Simplify, simplify, simplify!
Henry David Thoreau
If there’s one thing I should know by now in my life, it’s that I am an over-thinker. You’d think someone who thinks so much would think about the fact that overthinking is not helping, but it turns out it doesn’t work that way. This plays out in programming projects sometimes by way of me overcomplicating or over engineering a solution that doesn’t need to be nearly so complex.
This week was a perfect reminder of this lesson: to always ask yourself, “Can this be simplified?”

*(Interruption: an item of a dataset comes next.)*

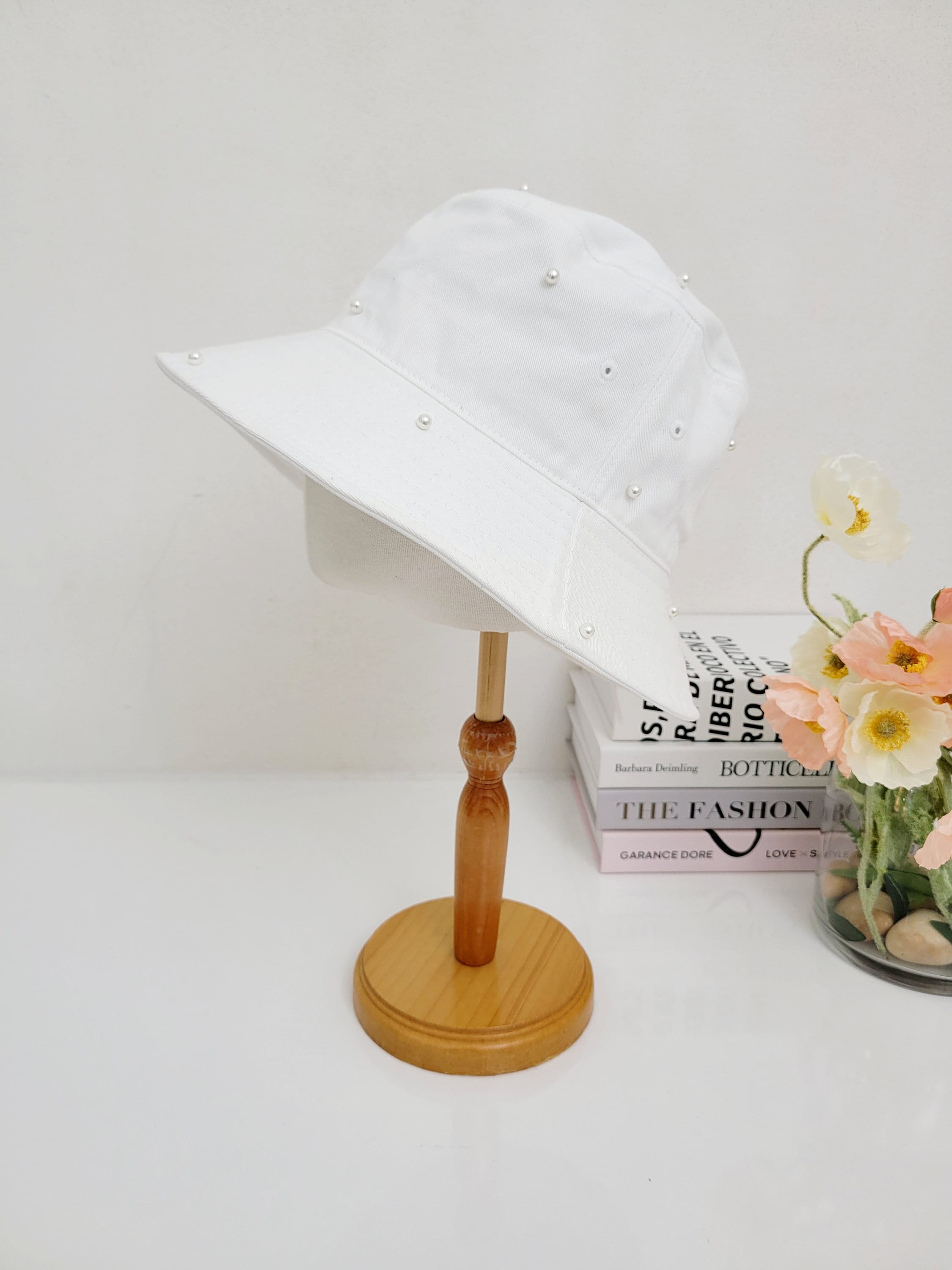 White cotton bucket hat-pearl, adorned with delicate pearl embellishments, displayed on a wooden stand.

In our app, Bridge, comments are stored in Firestore and displayed on the screen through a StreamBuilder. The StreamBuilder is a widget which builds itself based on the latest snapshot of interaction with a stream. And a stream is a source of asynchronous data events, such as a changing Firestore collection. This all works dandy and our list of comments update instantly when is adding or upvoted/downvoted. I ran into a problem however, when I needed a piece of a comment – a User’s attribute – to update instantly when it was edited on their Profile Screen. Because the stream was ‘listening’ to a Comments subcollection, and not the Users collection, it didn’t know or care when a User updated their attribute. In true overthinker fashion I latched on to this concept of streams and proceeded to spend an inordinate amount of time researching different Flutter package dependencies for merging and managing multiple streams. I tried a couple options, adding them to the pubspec.yaml, changing up all the existing mapping and work done on the original stream. I could never get it to work, and making one thing work seemed to break something else. Eventually I thought, hey, maybe I don’t need to mess with the streams at all, maybe I’m overthinking this.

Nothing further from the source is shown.